=== EXCERPTED DATA ===

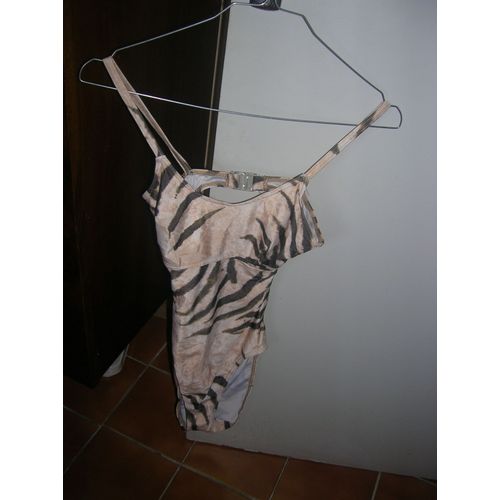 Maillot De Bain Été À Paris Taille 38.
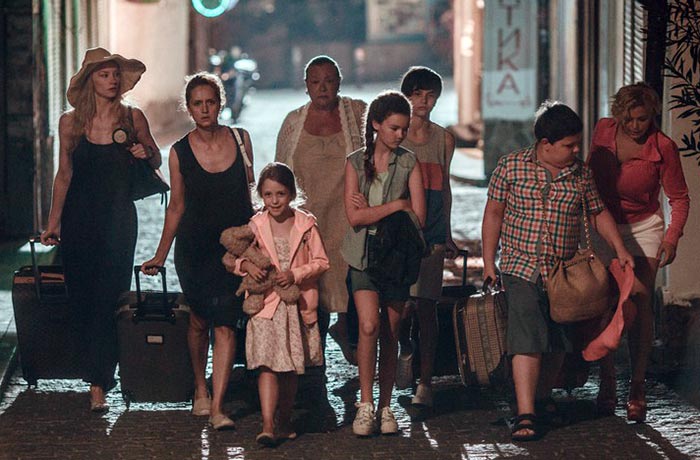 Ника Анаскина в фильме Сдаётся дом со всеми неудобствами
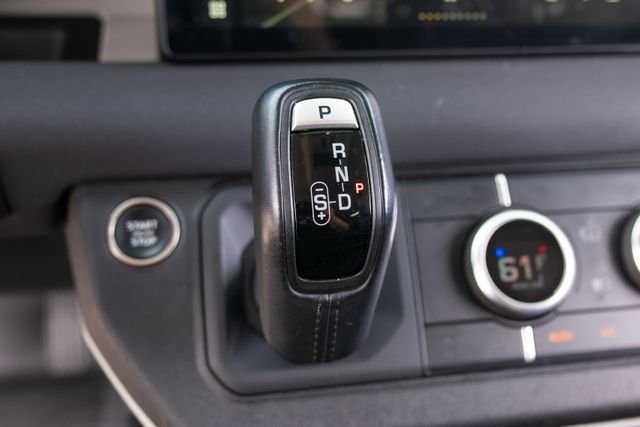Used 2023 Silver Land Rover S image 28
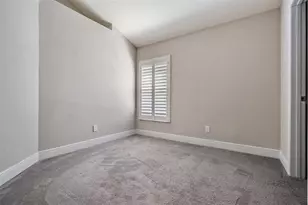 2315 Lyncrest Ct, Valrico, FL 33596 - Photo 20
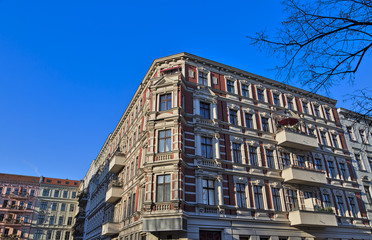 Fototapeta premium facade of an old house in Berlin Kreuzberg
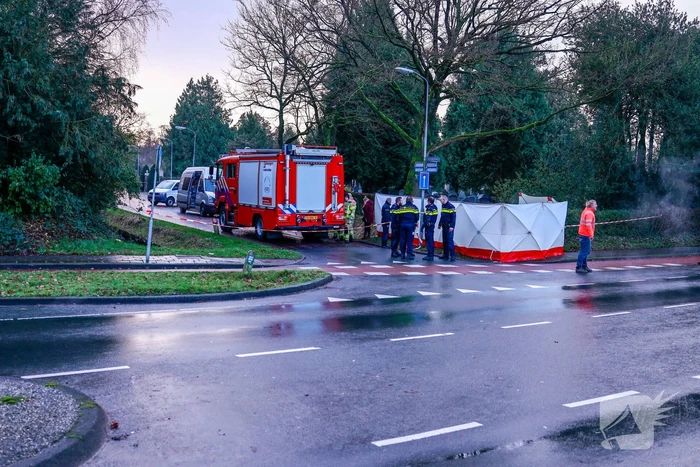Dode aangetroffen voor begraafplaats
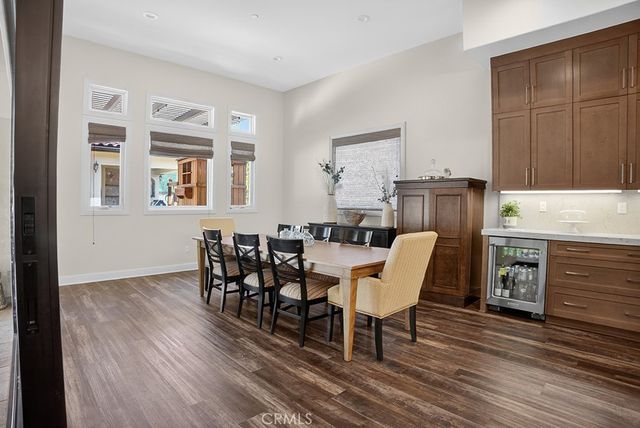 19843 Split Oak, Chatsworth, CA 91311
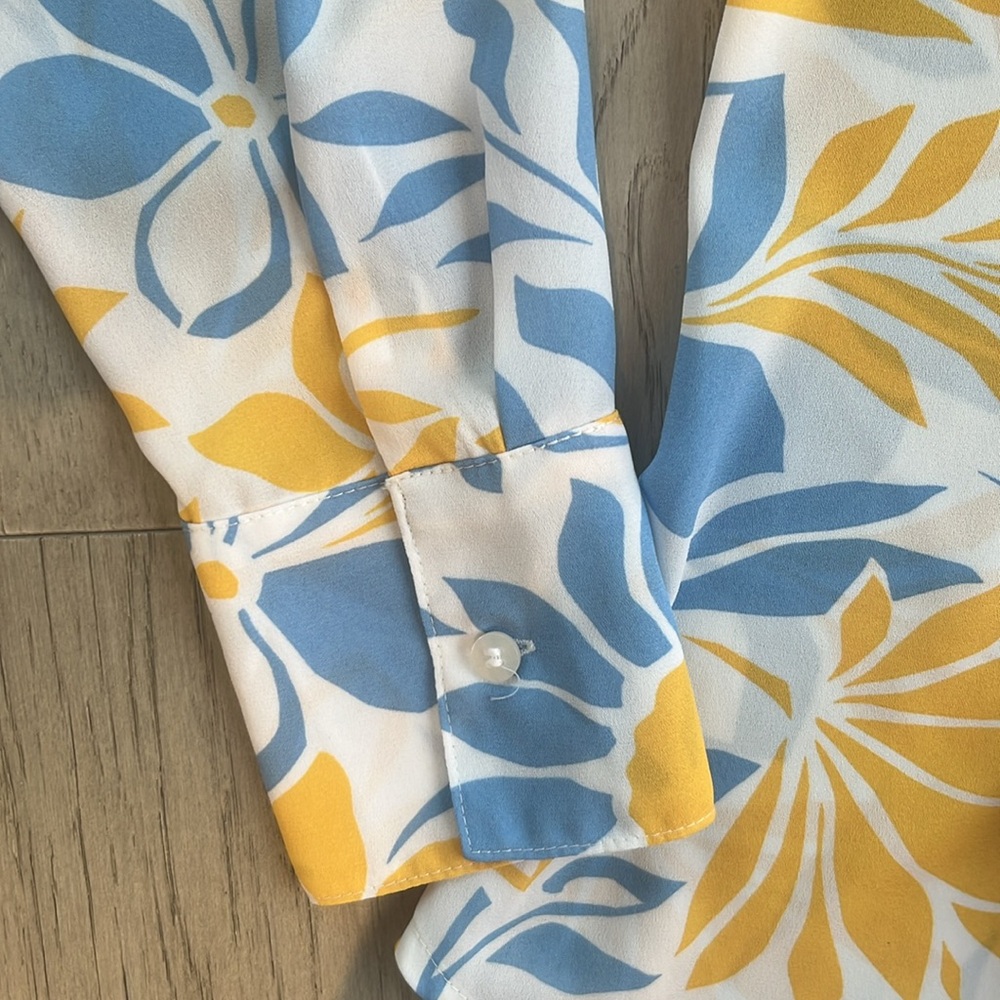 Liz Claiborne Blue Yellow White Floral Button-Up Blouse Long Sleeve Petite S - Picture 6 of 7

=== WHAT YOU HAVE TO DO ===
Repeat the entries exactly as they are given, leaving out each image.

=== WRITTEN SOLUTION ===
 Maillot De Bain Été À Paris Taille 38.
 Ника Анаскина в фильме Сдаётся дом со всеми неудобствами
Used 2023 Silver Land Rover S image 28
 2315 Lyncrest Ct, Valrico, FL 33596 - Photo 20
 Fototapeta premium facade of an old house in Berlin Kreuzberg
Dode aangetroffen voor begraafplaats
 19843 Split Oak, Chatsworth, CA 91311
 Liz Claiborne Blue Yellow White Floral Button-Up Blouse Long Sleeve Petite S - Picture 6 of 7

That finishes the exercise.